Discover PerformanceHP Software's community for IT leaders // November 2012
Tapping the cloud for innovation
The head of HP’s Cloud Services Innovation Center discusses how new technology helps Ops leaders deliver new ideas.
The business wants innovation in every area of the organization, including Ops. But the Ops team’s main charge has always been to maintain stability and performance—not exactly goals that invite innovation and experimentation. So how can Ops leaders satisfy both demands? We talked to Dr. Chris Coughlan, manager of the HP Cloud Services Innovation Center in Galway, Ireland, about how Ops leaders can balance sustaining the business with delivering on new inspirations.
Q: How can a VP-Ops balance the need for stability and high-quality service with the pressure to constantly innovate?
A: Sometimes it’s easy and sometimes it’s not, but it’s always crucial. It requires a lot of looking ahead at new technologies and imagining how they can be applied to solving some customer problems.
An example of that is a project that we did with GS1, the Global Standards Organization, to create a global system for product recalls. The problem was that any time a product needed to be recalled because of a safety issue, it would take weeks for the supply chain to sense and act on the problem. If the issue is really serious—say, tainted food that could cause serious illness or death—every minute of delay in removing that product from the supply chain is critical. We saw an opportunity to use the cloud to remove that delay. We created a cloud-based solution that organizations can use to issue recall notifications to their trading partners immediately. Because all parts of the supply chain are connected via this cloud-based system, there’s no more delay.
Q: So you recognized that the cloud had potential beyond how anybody was using it at the time?
A: Yes. We knew the cloud could be a tool for collaboration among different parts of the supply chain, and that’s exactly what it’s become. So in that case, we balanced the need for stability with the pressure to innovate by keeping focused on solving an existing need. When technology is new, it’s not always good to innovate purely for innovation’s sake. It’s better to make sure your innovation is tied to an existing need.
Q: How can the cloud help the Ops team be more responsive to the innovation that’s already happening in the business?
A: The cloud is an anytime, anywhere technology in a lot of ways. It gives you a kind of flexibility that a normal infrastructure can’t. So even for an organization that isn’t comfortable moving a lot of their infrastructure to the cloud, at a minimum they can, for example, use the cloud for testing. That can speed up testing of new solutions, which ultimately speeds up the process of moving some of the business’s innovative ideas into production.
Q: What about using the cloud to enable innovative ideas that originate in the Ops department?

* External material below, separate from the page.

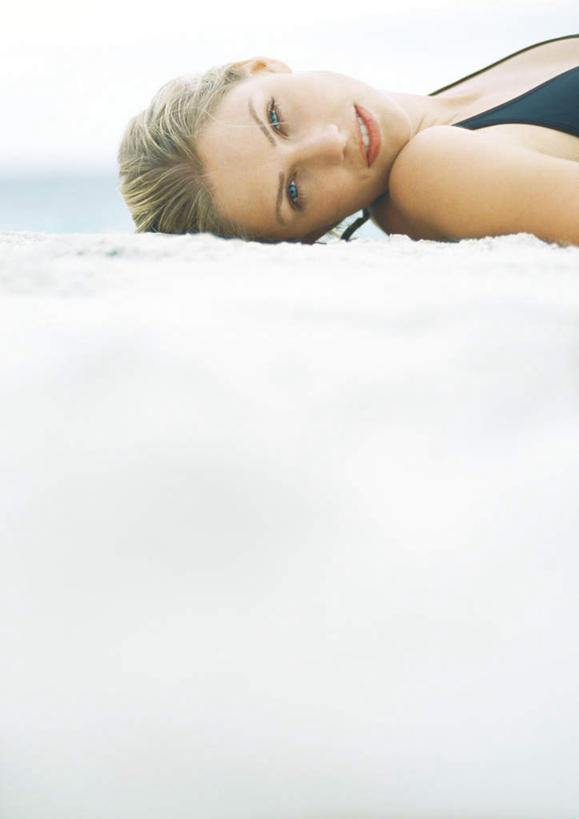 西方人,一个人,躺,笑,微笑,竖图,室外,特写,白天,正面,泳装,比基尼,沙滩,欧洲,欧洲人,仅一个年轻女性,仅一个女性,仅一个人,朦胧,模糊,沙子,海岸,云,云朵,沙地,云彩,蓝色,白云,蓝天,天空,天,年轻女性,女人,女性,白种人,海滩,躺着,半身,彩图,三点式,泳衣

A: Absolutely. Because when you use the cloud, you’re moving from the CapEx model to the OpEx model—you have fewer capital expenditures on physical infrastructure. When you’re spending less, you’re less constrained by your budget and have more freedom to experiment. Finally, the cloud enables greater productivity and agility, better teamwork and communication and collaboration, and these things are all necessary for fruitful innovation.
Q: People are still talking about the cloud as a novel way to enable innovation. But the cloud isn’t so new anymore; how long will that perception last?

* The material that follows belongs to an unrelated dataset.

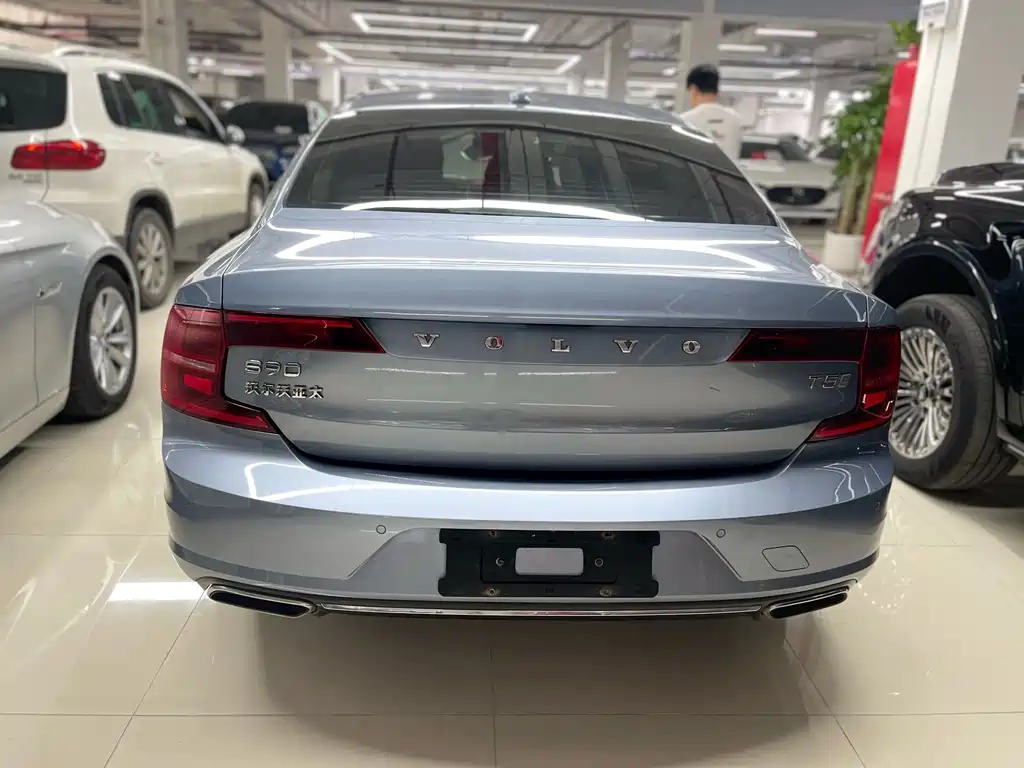 Volvo S90 — миниатюра 5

A: Not long at all. We’re all now getting used to working in the cloud. And the more important point is that the Xbox, PlayStation, and Nintendo kids of today—who have been gaming in the cloud for years—will be coming into the workforce as developers, sellers, and buyers of tomorrow. They’ll expect the cloud, and they’ll be arriving with new, interesting ideas for how to use it. The more we take advantage of the cloud as a tool for innovation, the better we’ll be able to attract the talent of tomorrow and invent the services of the future.